EXTRACTED MATERIAL:
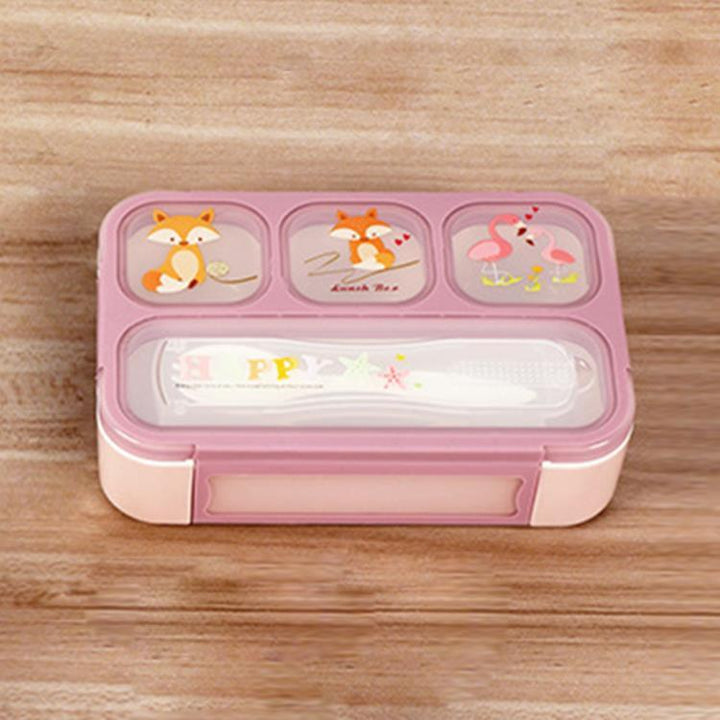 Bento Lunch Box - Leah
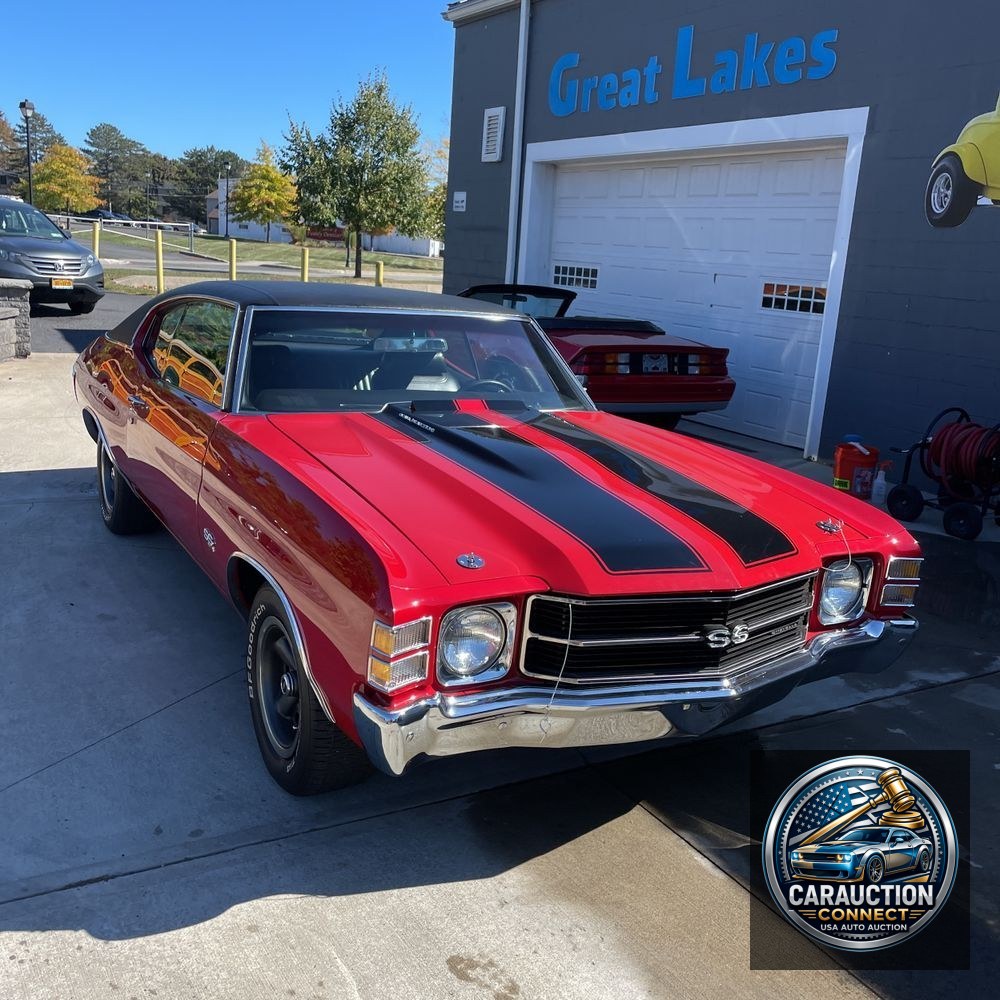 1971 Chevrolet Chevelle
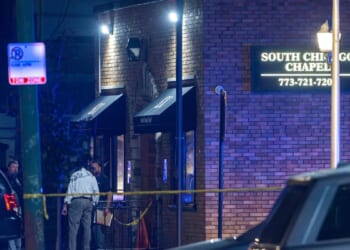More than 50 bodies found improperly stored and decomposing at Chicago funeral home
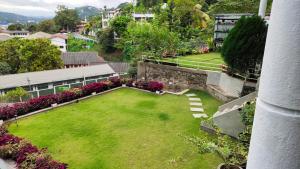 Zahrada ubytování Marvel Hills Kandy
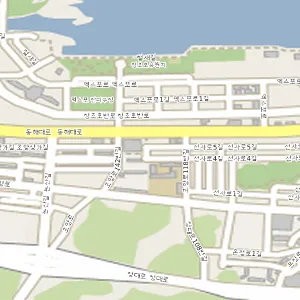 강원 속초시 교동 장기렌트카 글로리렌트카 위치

TASK TO COMPLETE: Print exactly, and only, the lines from the line containing "1971 Chevrolet Chevelle" to the last line of the material above, with every picture left out.

TASK ANSWER:
 1971 Chevrolet Chevelle
More than 50 bodies found improperly stored and decomposing at Chicago funeral home
 Zahrada ubytování Marvel Hills Kandy
 강원 속초시 교동 장기렌트카 글로리렌트카 위치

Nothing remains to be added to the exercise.